I wondered if the right wing echo chamber would use this as “proof” that the WMD claims were true after all. I got even better than I hoped, as not only do they use it that way, but they reveal how dishonest they are by the way they have done this.
GWB had admitted we haven’t found WMD or the capability in Iraq to launch said WMD.
“QUESTION: A quick follow-up. A lot of the consequences you mention for pulling out seem like maybe they never would have been there if we hadn’t gone in. How do you square all of that?
BUSH: I square it because imagine a world in which you had a Saddam Hussein who had the capacity to make a weapon of mass destruction, who was paying suiciders to kill innocent life, who would — who had relations with Zarqawi. Imagine what the world would be like with him in power. The idea is to try to help change the Middle East.
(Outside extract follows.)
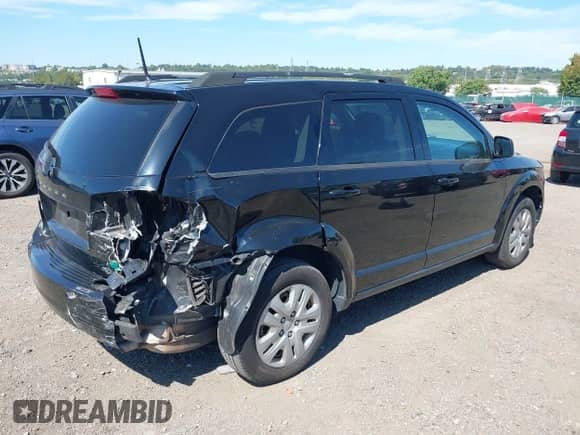 2019 Dodge Journey SE Value with VIN 3C4PDCAB9KT872056, listed as a IAAI auction lot 43206303 with 96,372 mi miles and . Bid and sale history available at DreamBid. Image 4.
Now, look, I — part of the reason we went into Iraq: was — the main reason we went into Iraq: at the time was we thought he had weapons of mass destruction. It turns out he didn’t, but he had the capacity to make weapons of mass destruction.
But I also talked about the human suffering in Iraq, and I also talked the need to advance a freedom agenda. And so my question — my answer to your question is, is that imagine a world in which Saddam Hussein was there, stirring up even more trouble in a part of a world that had so much resentment and so much hatred that people came and killed 3,000 of our citizens.
You know, I’ve heard this theory about, you know, everything was just fine until we arrived and, you know, kind of — the “stir up the hornet’s nest” theory. It just doesn’t hold water as far as I’m concerned. The terrorists attacked us and killed 3,000 of our citizens before we started the freedom agenda in the Middle East. They were –
QUESTION: What did Iraq: have to do with that?
BUSH: What did Iraq: have to do with what?
QUESTION: The attack on the World Trade Center.
BUSH: Nothing, except for it’s part of — and nobody’s ever suggested in this administration that Saddam Hussein ordered the attack. Iraq: was a — Iraq: — the lesson of September the 11th is take threats before they fully materialize, Ken. ”
So he admits to Iraq not having WMD but says they have the capability to do so. This capability has yet to be found or he wasn’t being truthful. You decide.
Also, bush also states above that the main reason we went into Iraq was WMD, not liberation.
Now, either he lied or a bunch of you are. You decide.
75. js | July 7th, 2008 at 1:57 pm
“Now, either he lied or a bunch of you are. You decide”
you remind me of the south end of a north bound donkey son….
of course he didnt lie…he has to take the official position that saddam didnt have the WMD that the UN and most of the worlds intelligence agencies said existed….yet…with you playing nuance with words…the most obvious excaped your pea brained explanation….
he didnt say saddam never had them…just that…he didnt have WMD…not that he didnt have them before we invaded…nor that they never had them…nor that they were not moved to syria..or another country…nor that we just failed to find them because the might be still buried in the massive iraqi desert…just that he didnt have them (only because we didnt find them…) making your liar liar accusation a charade of an idiot liberal lemming stooge ….elementary addition…you failed to provide a link to the whole Q&A routine…so effectively, you could be the only liar here…through the omission of facts that, if displayed, would lead us to a different conclusion than what you provided…lol…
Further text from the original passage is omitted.